Jose Manuel Ortega and his sister Natalia do things a bit differently at their O. Fournier winery. With vineyards in Ribera del Duero and across the world, wine is both a passion project and a family affair. But the way that the Ortega family started their now-bicontinental O. Fournier winery is not your typical family winery tale.
Investing in Wine
Jose Manuel, sharply dressed and well-bespectacled, has the look of a suave businessman. And for good reason. Before O. Fournier, he spent years as an investment banker at Goldman Sachs and other big time financial institutions around the world. But ultimately, that line of work wasn’t his end-game. “To me, finance was a means to an end,” Jose Manuel tells us, saying banking “was simply a way to obtain enough capital quickly so I could start my own business.”
With a degree from Wharton, a successful career under his belt, and a dream of operating a business of some sort, Jose Manuel found himself craving a new type of investment.
“My first experience with wine wasn’t a drinking hobby, it was investment,” he says through a smile. “I was investing in wines for auctions, and then I started reading wine magazines in Spain, trying to find the latest hot thing, visiting wineries to learn about purchasing and economics and learning the business. I thought we could have a different concept from what had been done, there was a niche for us, and I started the wine business. It wasn’t like God told me to make wine one night, but it was more sort of a process.”
And start a winery he did … several of them, in fact.
Fournier Around the World…
Fournier operates not just in Ribera del Duero, but also in Argentina and Chile. What’s the reason for playing both the Spain and South American game, you might ask? That’s when the businessman in Jose Manuel comes out.
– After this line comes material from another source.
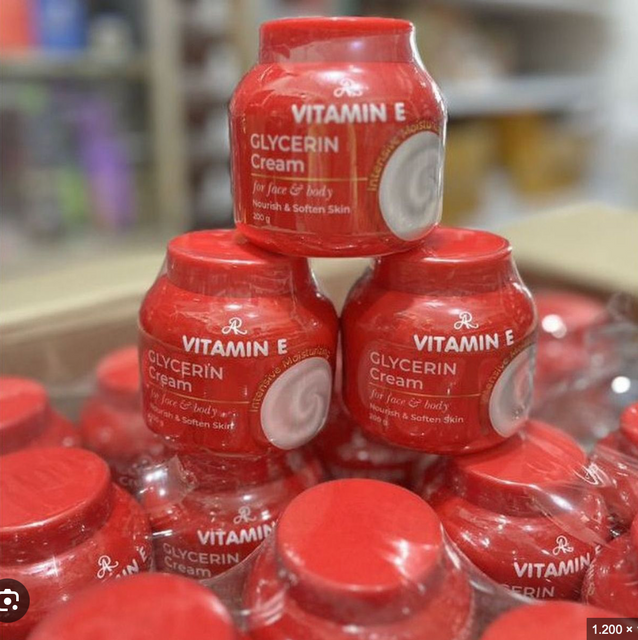 Kem face/body Vitamin E 200g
“To be a perfectionist in every aspect of the business, to hedge currencies, to hedge risk. We have weather risk in the wine business, so by being in different countries, you hedge against that. If you’re in just one region and you get frost or too much rain or something goes wrong, everything is ruined. So that diversifies it.”
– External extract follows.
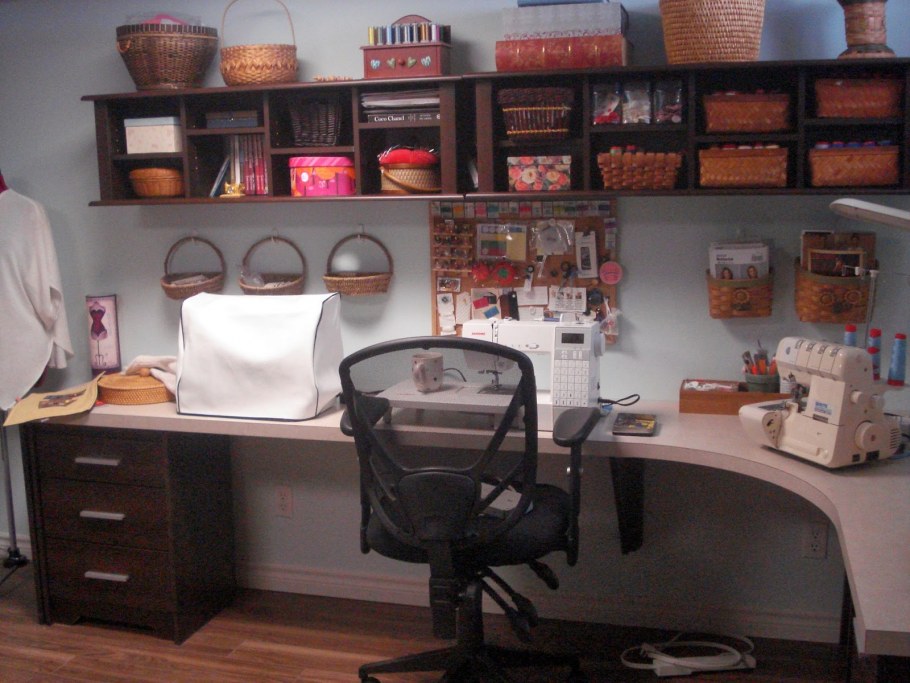 Обустраиваю уголок для шитья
And O. Fournier wineries are also changing the way these vineyards are managed.
With Jose Manuel’s rolodex filled with well-heeled bankers and leaders of industry, the winery has begun selling small plots of their Argentina and Chile vineyards as private labels that serve like a co-op of sorts. The investor will pay for the vines in that area of the vineyard, and then O. Fournier handles all of the winemaking for them, puts a name and label of the owner’s choosing on it, and that’s that: A private label wine without any overhead for the investor, and a way to generate income for O. Fournier … and Jose Manuel plans on bringing this approach to Ribera del Duero soon.
…And at home in Ribera del Duero
As for their Ribera del Duero wines, O. Fournier continues their do-things-differently mentality. Rather than stick to the conventional classification structure of Crianza, Reserva and other styles that have required aging and bottling timelines, they simply age and bottle the wines according to when they think they’re at their best.
“We wanted to make special wines and give our winemakers full flexibility. In that case, having a non-established label helped a lot. For example, with the Spiga, we say around 12 months in oak, but some vintages it only needs eleven and wouldn’t hit the minimum requirement for Crianza. So we took a risk and ten years ago, we were pioneers and didn’t do the classification for any of our wines. We are proudly RIbera del Duero, but didn’t use the labels.”
Beyond Ribera, their global operation has benefits both near and far. Since the seasons are reversed in South America, O. Fournier’s winemakers in that region will travel to Ribera del Duero during harvest to help, learn and experiment, and during the South American harvest, their Ribera winemaker will do the same.
“Both wineries in Spain and Argentina we have a microvinification area, which is where we do small-batch experimentation. We benefit greatly from that joined effort. Then you have learning of varieties — we are very curious about the potential of Malbec in Ribera del Duero, but no one has it, and it has exploded in South America.”
Out of 22,000 hectares of vineyards throughout Ribera, only 25 hectares of malbec are currently planted, so an O. Fournier Ribera del Duero boosted with malbec will surely take some time. One thing, though, is for sure: During that time, O. Fournier will continue pushing the boundaries of the wine business.
It All Comes Back to Family
After fifteen years in the O. Fournier winery, and with much of the core team members of his own family, Jose Manuel admits that it’s “been a challenging experience, and there are things that are difficult to separate” when it comes to working with relatives.
“In fifteen years, we’ve gone through some stressful times, but we’re still together. It’s a difficult situation, I wouldn’t recommend it unless it’s necessary.” However, coming full circle, he admits “I wouldn’t have gotten into the business without the support of my family — there wouldn’t have been a business to start with, but if you can do it from the outside.”
But then there’s also that intangible goodness that comes from working with family, where all of the fights, squabbles and disagreements get evened out in a big way thanks to one main source of stress being eliminated: Trust.
“When you’re dealing with our family, we can hit each other in the head, but we have absolute trust with everyone. That’s terribly important in that respect.”